HyperLex: lexical cartography for information retrieval

https://doi.org/10.1016/j.csl.2004.05.002Get rights and content

Abstract

This article describes an algorithm called HyperLex that is capable of automatically determining word uses in a textbase without recourse to a dictionary. The algorithm makes use of the specific properties of word cooccurrence graphs, which are shown as having “small world” properties. Unlike earlier dictionary-free methods based on word vectors, it can isolate highly infrequent uses (as rare as 1% of all occurrences) by detecting “hubs” and high-density components in the cooccurrence graphs. The algorithm is applied here to information retrieval on the Web, using a set of highly ambiguous test words. An evaluation of the algorithm showed that it only omitted a very small number of relevant uses. In addition, HyperLex offers automatic tagging of word uses in context with excellent precision (97%, compared to 73% for baseline tagging, with an 82% recall rate). Remarkably good precision (96%) was also achieved on a selection of the 25 most relevant pages for each use (including highly infrequent ones). Finally, HyperLex is combined with a graphic display technique that allows the user to navigate visually through the lexicon and explore the various domains detected for each word use.

Introduction

Keyword-based information retrieval on the Web, or any other large textbase, runs into the problem of the multiple uses of most words.

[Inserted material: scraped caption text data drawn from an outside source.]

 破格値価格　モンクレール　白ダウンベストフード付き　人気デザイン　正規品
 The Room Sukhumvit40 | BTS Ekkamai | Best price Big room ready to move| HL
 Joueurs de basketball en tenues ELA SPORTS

The inescapable homography and polysemy of human languages generate considerable noise in the results. A query on the French word barrage, for example, may return pages on dams, play-offs, barriers, roadblocks, police cordons, barricades, etc. depending on the global frequencies and the particular ranking techniques used by search engines. Retrieving infrequent uses can prove quite tricky.

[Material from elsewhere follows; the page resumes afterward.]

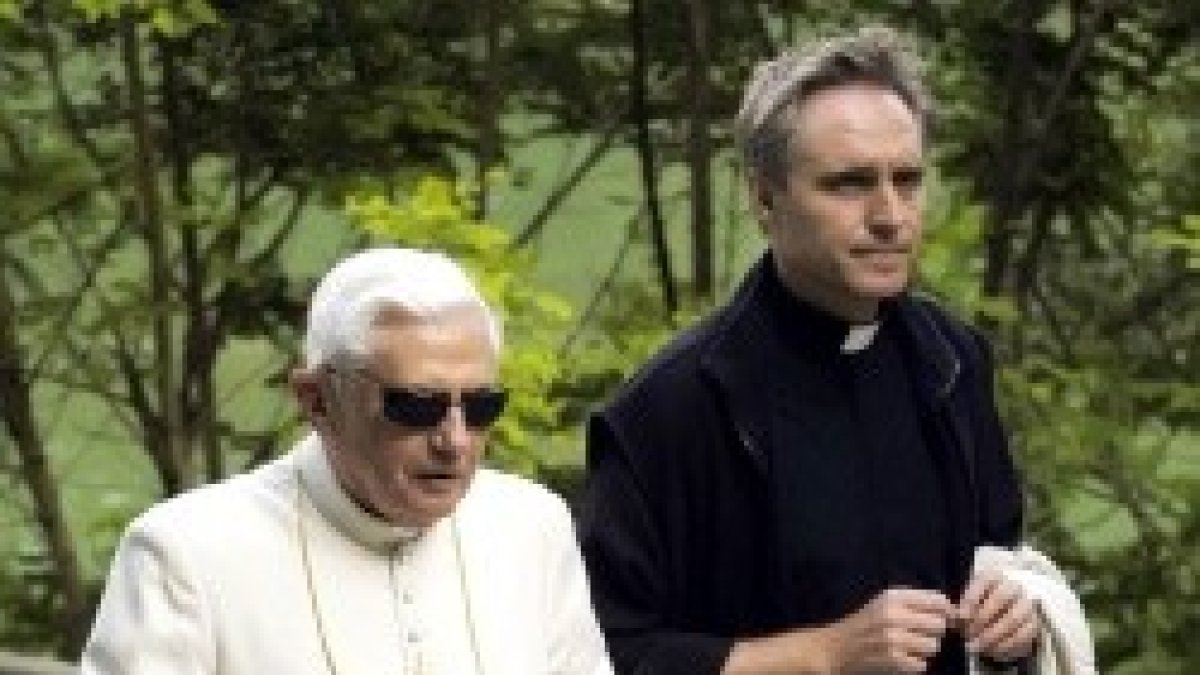 El Papa y su secretario tenían costumbre de rezar juntos el rosario paseando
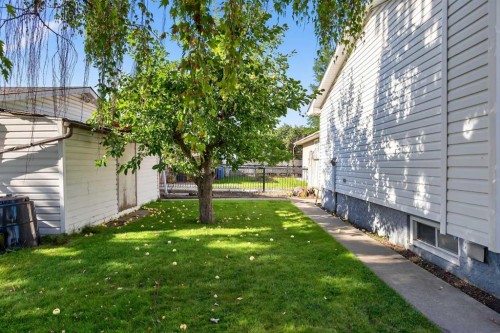 3012 30 Avenue Se, Calgary, AB - Outdoor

Of course, users can usually narrow down their queries by combining keywords with Boolean operators, but this is not always a straightforward task. Continuing with the above example, combining the word barrage with the word match does not necessarily produce all of the pages about “matchs de barrage” (play-offs): many pages about this topic do not contain the word match. To get around this, one would have to list all lexical possibilities and write a query of the type barrage AND (jouer OR jeu OR championnat OR rencontre OR football OR basket-ball OR…) (play OR game OR championship OR encounter OR soccer OR basketball OR…), which is cumbersome and may still not produce the desired results. Besides, the general public is not very skillful when it comes to formulating such complicated queries. In a large-scale study on the Excite search engine, Spink et al. (2001) showed that less than 5% of the queries contained Boolean operators, and 50% were incorrect.1 Less than 1% of the queries contained nested operators (as in the above example). Spink et al. even concluded:

For an overwhelming number of Web users, the advanced search features do not exist. The low use of advanced search features raises questions of their usability, functionality, and even desirability, as currently presented in search engines.

It thus seems worthwhile to carefully reconsider the applicability of word sense disambiguation methods to search engines. Within the past few years, an idea has been circulating that word sense disambiguation, and more generally natural language processing techniques or NLP, are useless in information retrieval (IR), and may even lower performance. I will show below that this claim rests on an erroneous interpretation of repeatedly cited articles like Voorhees (1999). The present study will hopefully demonstrate that this idea is false.

To be useful, a word sense disambiguation technique must exhibit sufficiently high performance. Many recent studies conducted in the Senseval competition (Kilgarriff, 1998) proposed substantial improvements in the available techniques and resources (see also Stevenson and Wilks, 2001). However, in my mind, one of the main problems in word sense disambiguation lies upstream, in the very sense lists used by systems. Conventional dictionaries are not suited to this task; they usually contain definitions that are too general (in our barrage example, the “act of blocking”), and there is no guarantee that they reflect the exact content of the particular textbase being queried. I showed experimentally that linguists have trouble matching the “senses” found in a dictionary and the occurrences found in a corpus (Véronis, 1998). What is more, textbase documents would still have to be automatically categorized on the basis of the dictionary “senses”, an extremely difficult task that has eluded half a century of ongoing research efforts, and for which progress has been very recent (see Ide and Véronis, 1998; for a detailed description of the state of the art, and Stevenson and Wilks, 2001; for recent developments).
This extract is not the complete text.